HOW TO COMPLETE THIS TASK: Nothing should differ between your answer and the records.

*** Opening SUPPLIED MATERIAL ***

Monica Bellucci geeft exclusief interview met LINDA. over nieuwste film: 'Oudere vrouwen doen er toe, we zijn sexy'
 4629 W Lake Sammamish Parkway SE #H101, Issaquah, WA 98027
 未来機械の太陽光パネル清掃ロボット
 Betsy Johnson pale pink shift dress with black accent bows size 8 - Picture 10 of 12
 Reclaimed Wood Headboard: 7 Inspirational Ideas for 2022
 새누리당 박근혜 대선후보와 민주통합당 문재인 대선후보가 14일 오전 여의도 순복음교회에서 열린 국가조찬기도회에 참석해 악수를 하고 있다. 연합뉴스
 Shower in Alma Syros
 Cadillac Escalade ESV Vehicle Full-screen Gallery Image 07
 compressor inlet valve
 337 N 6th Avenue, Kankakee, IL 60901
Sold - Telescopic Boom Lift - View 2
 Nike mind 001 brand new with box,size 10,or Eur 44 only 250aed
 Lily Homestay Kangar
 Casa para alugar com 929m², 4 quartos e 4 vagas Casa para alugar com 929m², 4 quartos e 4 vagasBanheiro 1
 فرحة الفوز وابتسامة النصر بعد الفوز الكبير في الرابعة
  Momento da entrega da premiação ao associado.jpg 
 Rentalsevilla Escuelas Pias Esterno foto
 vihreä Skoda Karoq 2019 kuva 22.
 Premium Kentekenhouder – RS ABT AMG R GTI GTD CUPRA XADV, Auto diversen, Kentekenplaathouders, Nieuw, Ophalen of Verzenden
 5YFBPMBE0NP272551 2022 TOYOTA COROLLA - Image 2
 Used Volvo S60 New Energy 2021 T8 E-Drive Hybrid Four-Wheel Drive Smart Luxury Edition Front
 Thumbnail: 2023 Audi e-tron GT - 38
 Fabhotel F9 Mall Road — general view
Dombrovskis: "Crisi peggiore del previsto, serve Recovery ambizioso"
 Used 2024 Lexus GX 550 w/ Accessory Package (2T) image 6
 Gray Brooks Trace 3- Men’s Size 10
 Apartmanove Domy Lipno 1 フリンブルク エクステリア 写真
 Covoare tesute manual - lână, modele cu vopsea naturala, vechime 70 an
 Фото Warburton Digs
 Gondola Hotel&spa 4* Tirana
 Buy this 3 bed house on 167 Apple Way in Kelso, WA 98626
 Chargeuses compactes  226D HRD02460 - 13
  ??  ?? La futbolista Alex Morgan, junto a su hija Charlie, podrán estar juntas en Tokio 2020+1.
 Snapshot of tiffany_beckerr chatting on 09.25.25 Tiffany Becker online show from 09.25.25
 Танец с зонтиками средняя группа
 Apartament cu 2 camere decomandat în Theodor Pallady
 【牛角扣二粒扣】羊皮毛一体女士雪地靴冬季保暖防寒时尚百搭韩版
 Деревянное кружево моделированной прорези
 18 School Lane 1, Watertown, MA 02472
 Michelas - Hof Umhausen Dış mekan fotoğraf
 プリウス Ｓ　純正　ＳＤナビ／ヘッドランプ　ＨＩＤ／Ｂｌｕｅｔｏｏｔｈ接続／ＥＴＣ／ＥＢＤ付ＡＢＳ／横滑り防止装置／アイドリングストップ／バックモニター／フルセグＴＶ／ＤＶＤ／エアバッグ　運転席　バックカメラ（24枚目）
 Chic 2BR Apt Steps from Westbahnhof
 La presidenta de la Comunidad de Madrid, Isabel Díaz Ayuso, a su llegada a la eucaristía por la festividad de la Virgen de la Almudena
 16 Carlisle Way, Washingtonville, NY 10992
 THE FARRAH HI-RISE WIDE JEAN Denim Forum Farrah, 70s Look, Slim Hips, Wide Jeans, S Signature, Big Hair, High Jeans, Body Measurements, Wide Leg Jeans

*** Closing SUPPLIED MATERIAL ***

WORKED SOLUTION:
Monica Bellucci geeft exclusief interview met LINDA. over nieuwste film: 'Oudere vrouwen doen er toe, we zijn sexy'
 4629 W Lake Sammamish Parkway SE #H101, Issaquah, WA 98027
 未来機械の太陽光パネル清掃ロボット
 Betsy Johnson pale pink shift dress with black accent bows size 8 - Picture 10 of 12
 Reclaimed Wood Headboard: 7 Inspirational Ideas for 2022
 새누리당 박근혜 대선후보와 민주통합당 문재인 대선후보가 14일 오전 여의도 순복음교회에서 열린 국가조찬기도회에 참석해 악수를 하고 있다. 연합뉴스
 Shower in Alma Syros
 Cadillac Escalade ESV Vehicle Full-screen Gallery Image 07
 compressor inlet valve
 337 N 6th Avenue, Kankakee, IL 60901
Sold - Telescopic Boom Lift - View 2
 Nike mind 001 brand new with box,size 10,or Eur 44 only 250aed
 Lily Homestay Kangar
 Casa para alugar com 929m², 4 quartos e 4 vagas Casa para alugar com 929m², 4 quartos e 4 vagasBanheiro 1
 فرحة الفوز وابتسامة النصر بعد الفوز الكبير في الرابعة
  Momento da entrega da premiação ao associado.jpg 
 Rentalsevilla Escuelas Pias Esterno foto
 vihreä Skoda Karoq 2019 kuva 22.
 Premium Kentekenhouder – RS ABT AMG R GTI GTD CUPRA XADV, Auto diversen, Kentekenplaathouders, Nieuw, Ophalen of Verzenden
 5YFBPMBE0NP272551 2022 TOYOTA COROLLA - Image 2
 Used Volvo S60 New Energy 2021 T8 E-Drive Hybrid Four-Wheel Drive Smart Luxury Edition Front
 Thumbnail: 2023 Audi e-tron GT - 38
 Fabhotel F9 Mall Road — general view
Dombrovskis: "Crisi peggiore del previsto, serve Recovery ambizioso"
 Used 2024 Lexus GX 550 w/ Accessory Package (2T) image 6
 Gray Brooks Trace 3- Men’s Size 10
 Apartmanove Domy Lipno 1 フリンブルク エクステリア 写真
 Covoare tesute manual - lână, modele cu vopsea naturala, vechime 70 an
 Фото Warburton Digs
 Gondola Hotel&spa 4* Tirana
 Buy this 3 bed house on 167 Apple Way in Kelso, WA 98626
 Chargeuses compactes  226D HRD02460 - 13
  ??  ?? La futbolista Alex Morgan, junto a su hija Charlie, podrán estar juntas en Tokio 2020+1.
 Snapshot of tiffany_beckerr chatting on 09.25.25 Tiffany Becker online show from 09.25.25
 Танец с зонтиками средняя группа
 Apartament cu 2 camere decomandat în Theodor Pallady
 【牛角扣二粒扣】羊皮毛一体女士雪地靴冬季保暖防寒时尚百搭韩版
 Деревянное кружево моделированной прорези
 18 School Lane 1, Watertown, MA 02472
 Michelas - Hof Umhausen Dış mekan fotoğraf
 プリウス Ｓ　純正　ＳＤナビ／ヘッドランプ　ＨＩＤ／Ｂｌｕｅｔｏｏｔｈ接続／ＥＴＣ／ＥＢＤ付ＡＢＳ／横滑り防止装置／アイドリングストップ／バックモニター／フルセグＴＶ／ＤＶＤ／エアバッグ　運転席　バックカメラ（24枚目）
 Chic 2BR Apt Steps from Westbahnhof
 La presidenta de la Comunidad de Madrid, Isabel Díaz Ayuso, a su llegada a la eucaristía por la festividad de la Virgen de la Almudena
 16 Carlisle Way, Washingtonville, NY 10992
 THE FARRAH HI-RISE WIDE JEAN Denim Forum Farrah, 70s Look, Slim Hips, Wide Jeans, S Signature, Big Hair, High Jeans, Body Measurements, Wide Leg Jeans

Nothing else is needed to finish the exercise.